### Exercise directions
Only one stretch of the data should be retyped: the lines from the line containing "alejandroo_7 online show" through the line containing "Bottiglia d'acqua in". Keep pictures out of it.

### Source records
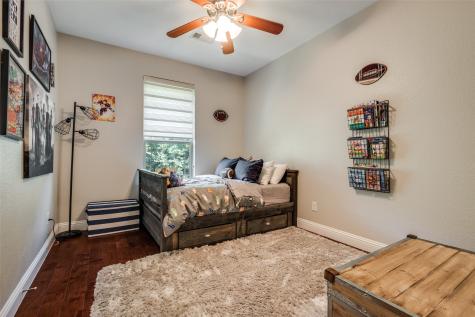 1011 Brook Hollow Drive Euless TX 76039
* * *
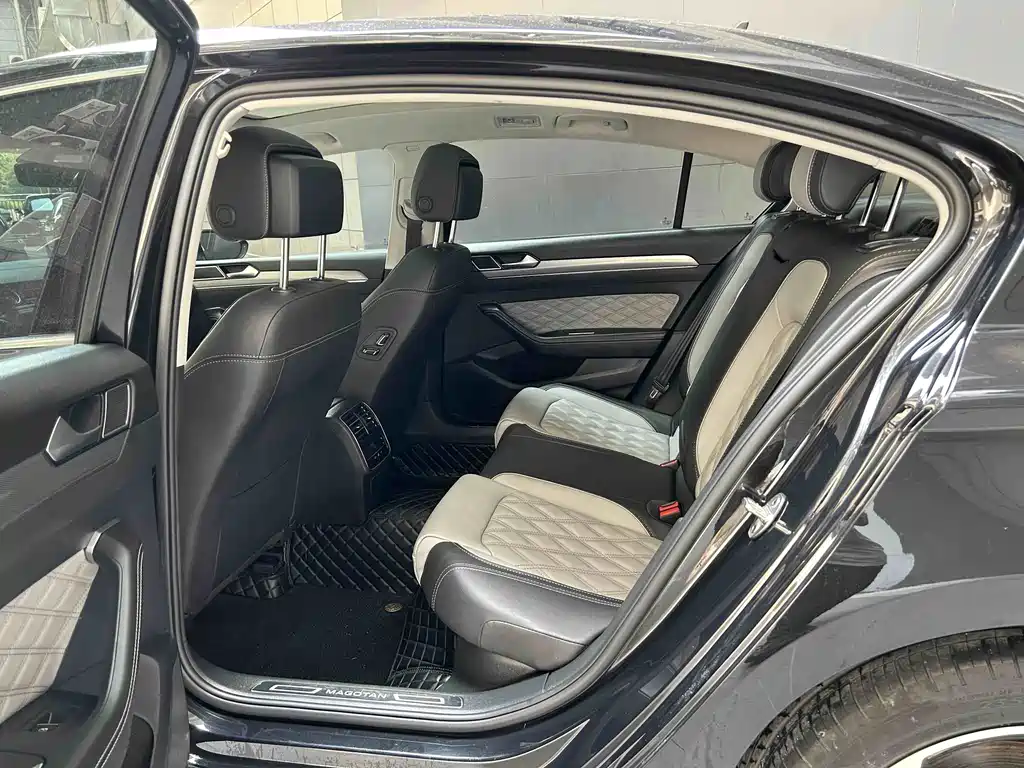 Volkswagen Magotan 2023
...
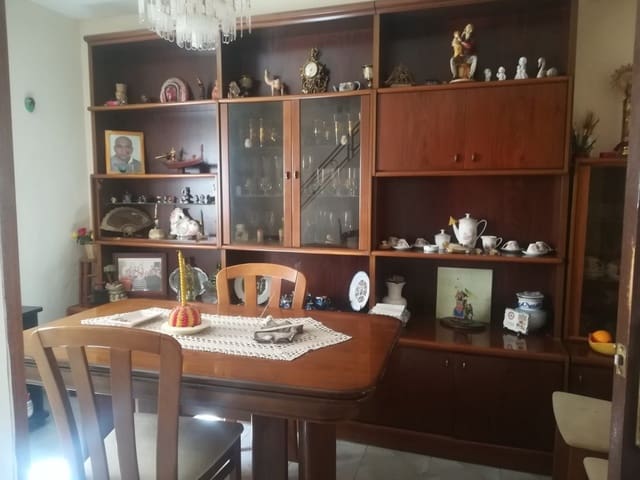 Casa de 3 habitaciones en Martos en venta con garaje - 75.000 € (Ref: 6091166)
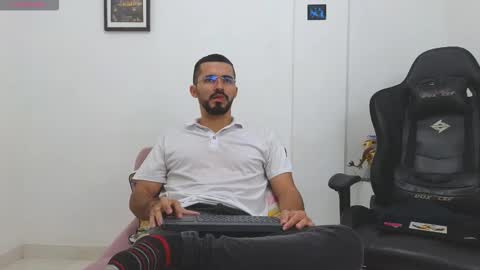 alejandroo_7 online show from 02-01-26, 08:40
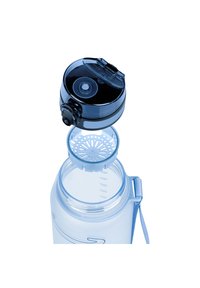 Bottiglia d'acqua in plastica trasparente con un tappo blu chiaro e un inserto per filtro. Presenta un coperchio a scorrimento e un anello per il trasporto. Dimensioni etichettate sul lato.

### Result for this task
 alejandroo_7 online show from 02-01-26, 08:40
 Bottiglia d'acqua in plastica trasparente con un tappo blu chiaro e un inserto per filtro. Presenta un coperchio a scorrimento e un anello per il trasporto. Dimensioni etichettate sul lato.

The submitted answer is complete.